## EXERCISE INPUTS

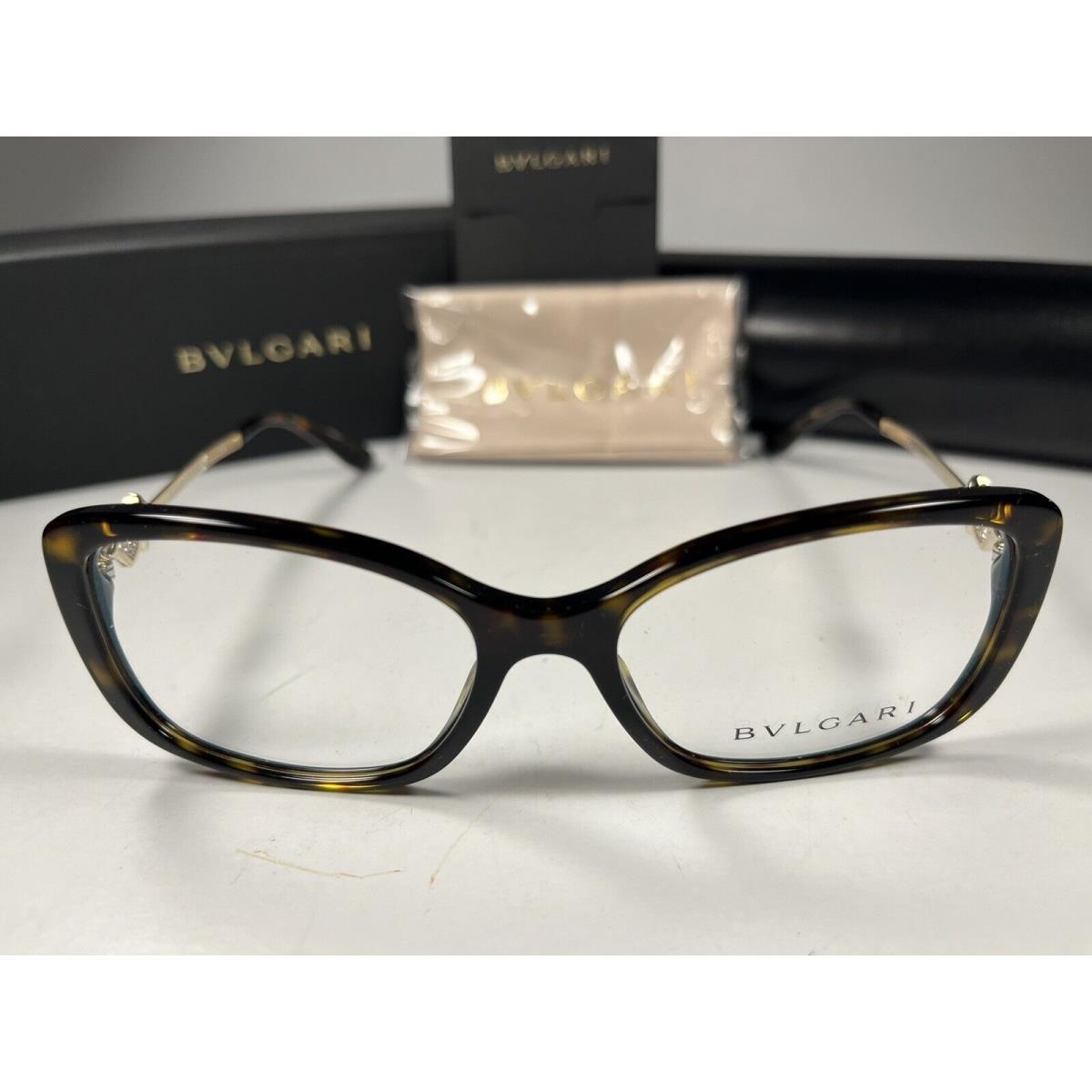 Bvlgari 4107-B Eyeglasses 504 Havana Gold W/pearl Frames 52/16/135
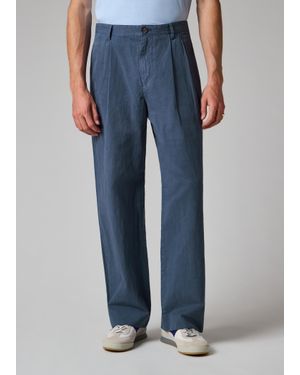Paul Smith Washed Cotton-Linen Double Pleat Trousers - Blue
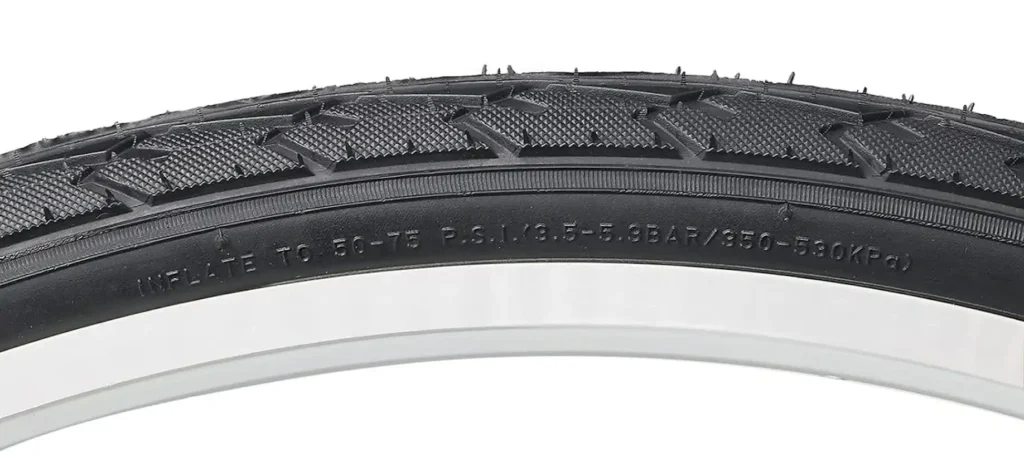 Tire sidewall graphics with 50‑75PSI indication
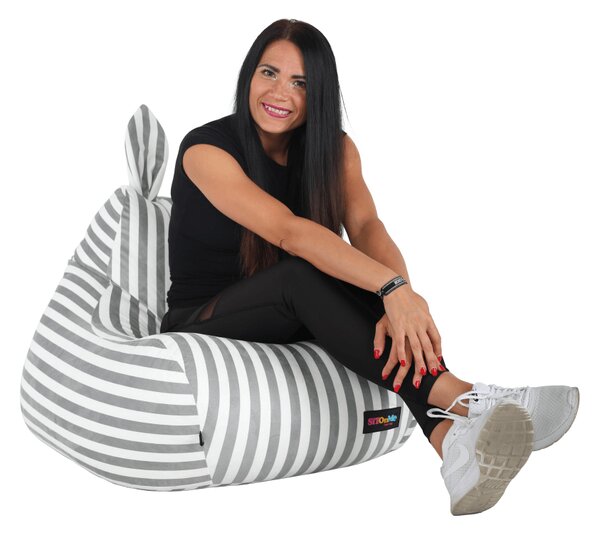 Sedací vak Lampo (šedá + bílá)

--

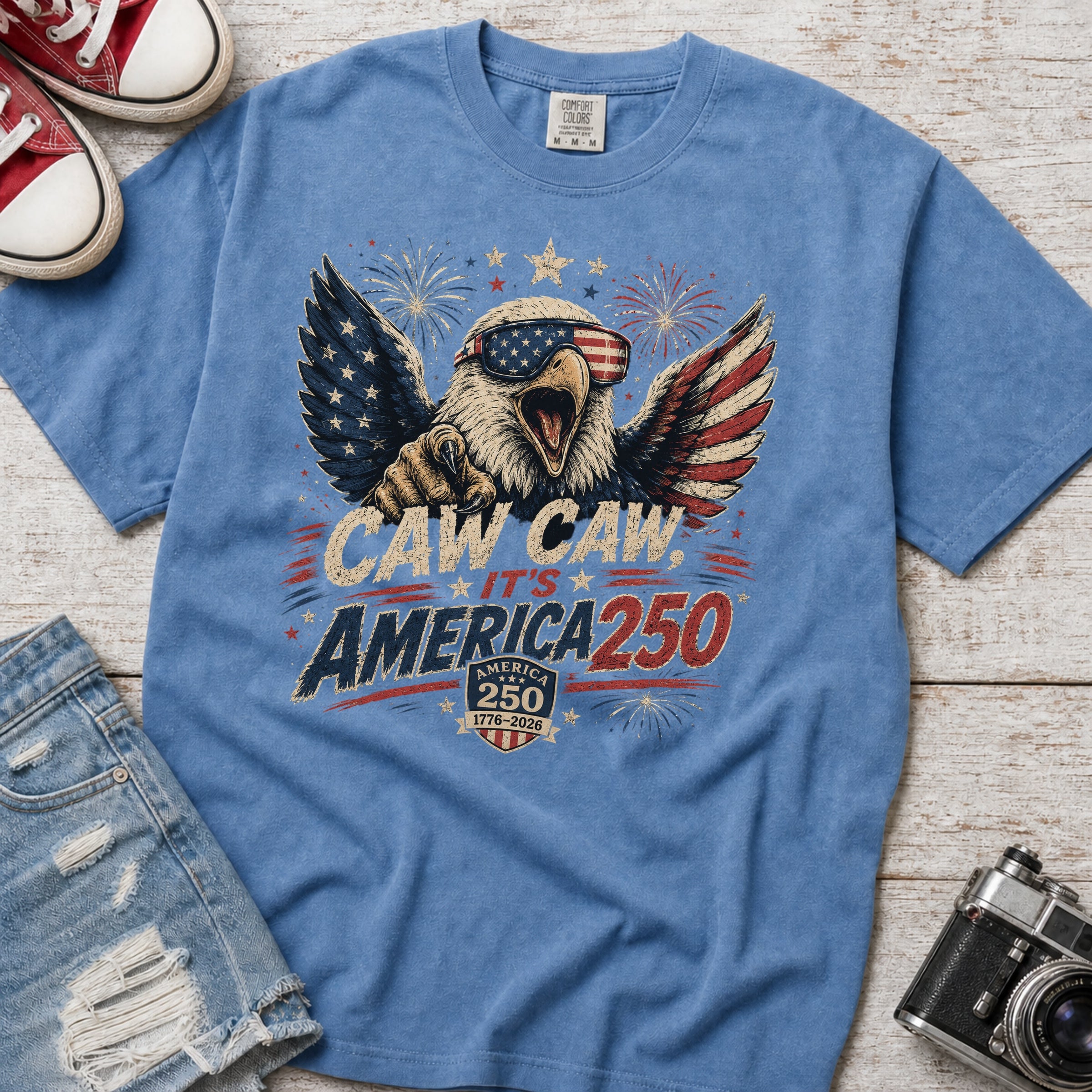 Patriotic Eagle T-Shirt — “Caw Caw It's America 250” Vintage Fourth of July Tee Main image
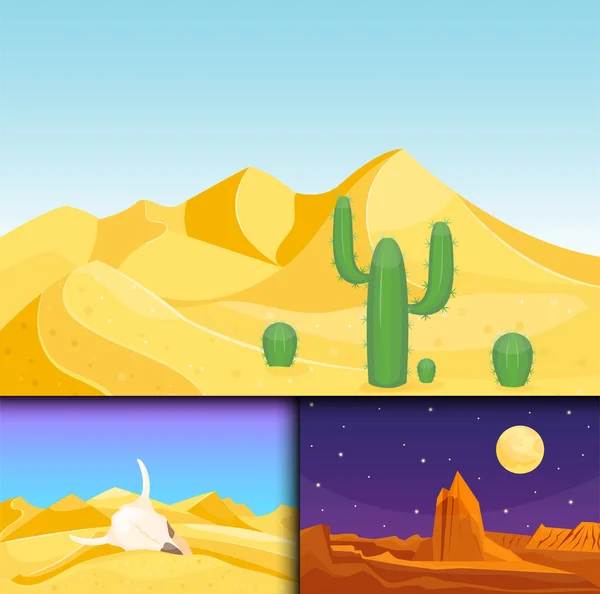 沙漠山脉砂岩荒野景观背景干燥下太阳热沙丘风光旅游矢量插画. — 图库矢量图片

---

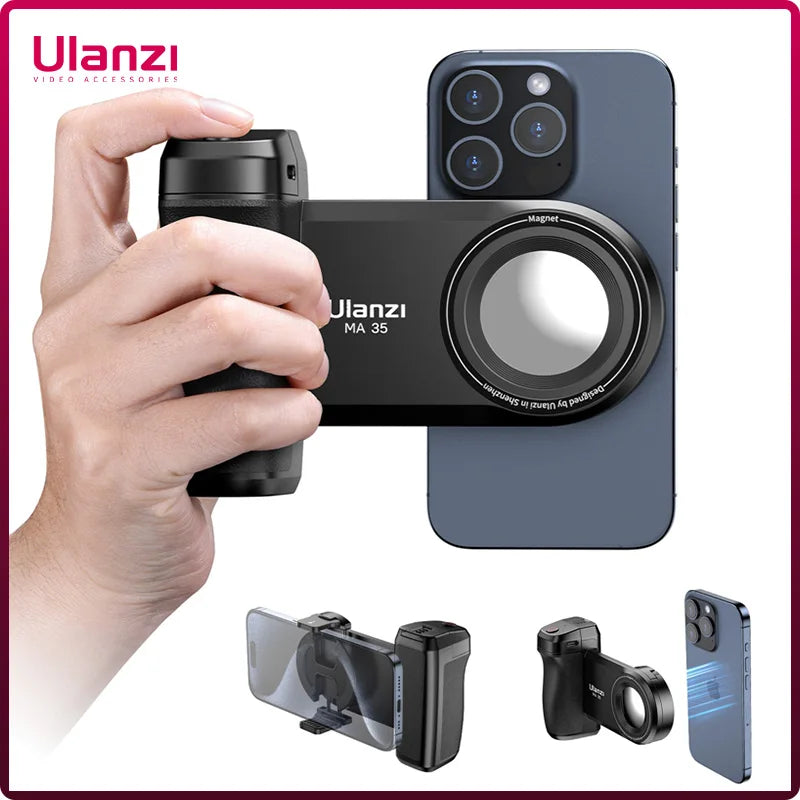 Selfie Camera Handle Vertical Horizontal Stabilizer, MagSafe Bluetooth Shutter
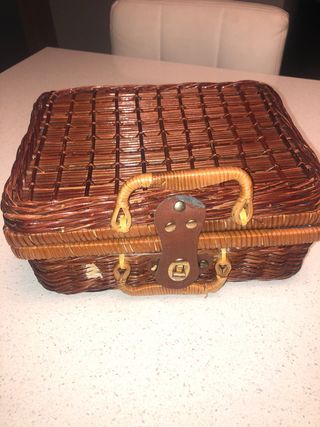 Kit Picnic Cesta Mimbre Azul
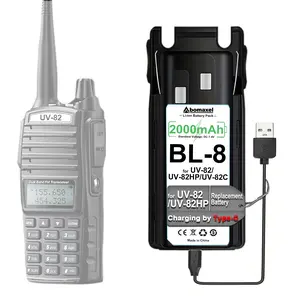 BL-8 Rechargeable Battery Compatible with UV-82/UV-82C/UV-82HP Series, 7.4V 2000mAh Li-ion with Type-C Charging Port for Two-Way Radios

## TASK
Your answer should be the exact lines above from the one containing "Bvlgari 4107-B Eyeglasses" through the one containing "Sedací vak Lampo (šedá + bílá)", with both end lines kept and the pictures removed, please.

## ANSWER FOR THE TASK
 Bvlgari 4107-B Eyeglasses 504 Havana Gold W/pearl Frames 52/16/135
Paul Smith Washed Cotton-Linen Double Pleat Trousers - Blue
 Tire sidewall graphics with 50‑75PSI indication
 Sedací vak Lampo (šedá + bílá)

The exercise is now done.